→ **REQUIREMENT**:
Would you return the listing that follows exactly, leaving its pictures behind?

→ **DATA SHOWN**:
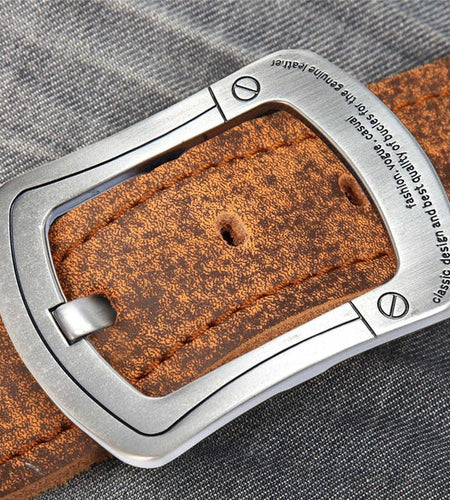 Retro Vintage Cowboys Genuine Leather Belt-men-wanahavit-QFS01 Sliver-100cm-wanahavit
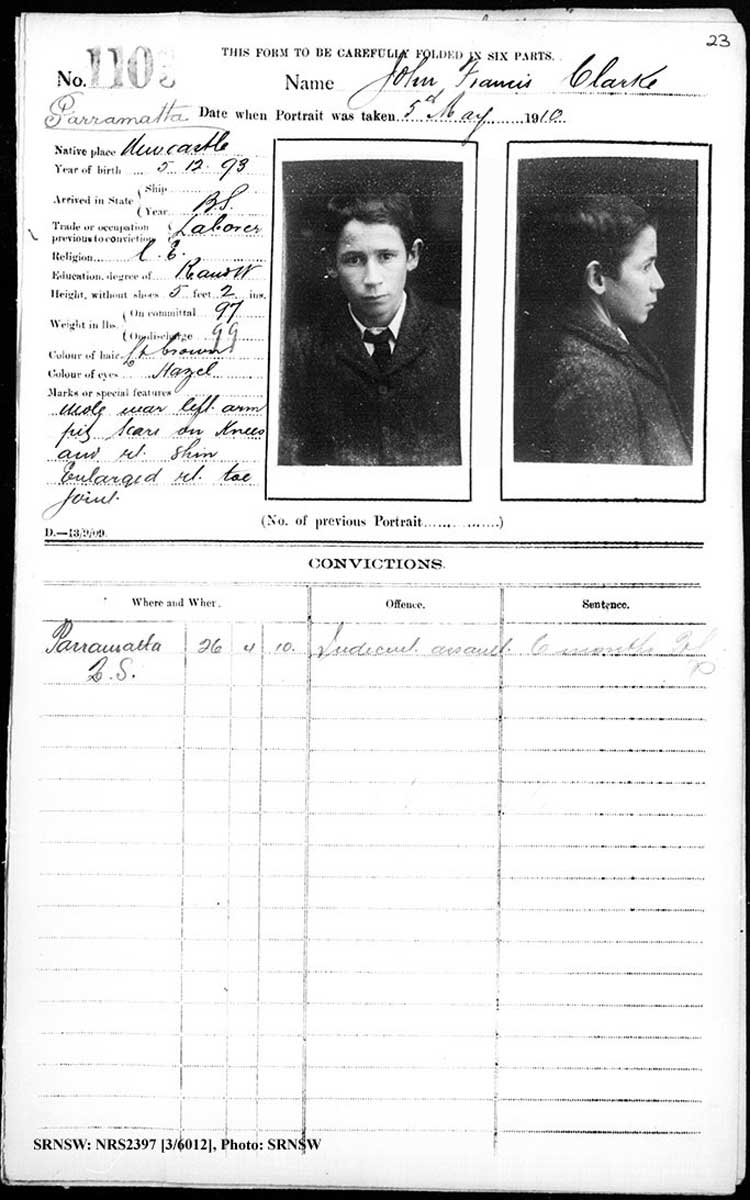 SRNSW: NRS2397, [3/6012], Parramatta photographic description book, 1909-1914, No. 1103, p. 23, R5138.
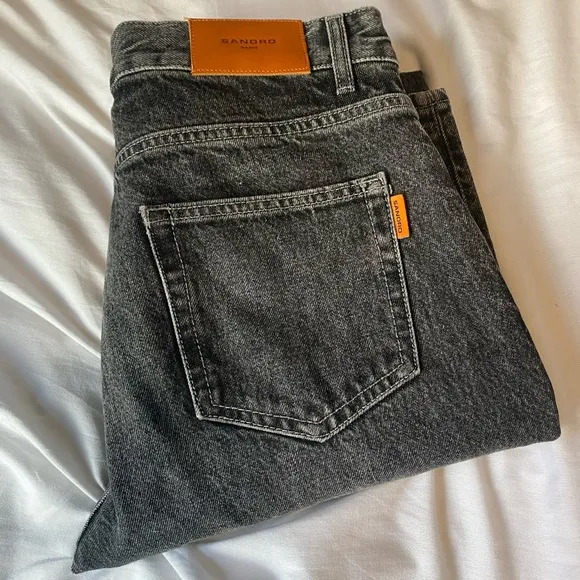 NEW Sandro men’s slim fit washed black/dark grey denim jeans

→ **RESPONSE TO THE TASK**:
 Retro Vintage Cowboys Genuine Leather Belt-men-wanahavit-QFS01 Sliver-100cm-wanahavit
 SRNSW: NRS2397, [3/6012], Parramatta photographic description book, 1909-1914, No. 1103, p. 23, R5138.
 NEW Sandro men’s slim fit washed black/dark grey denim jeans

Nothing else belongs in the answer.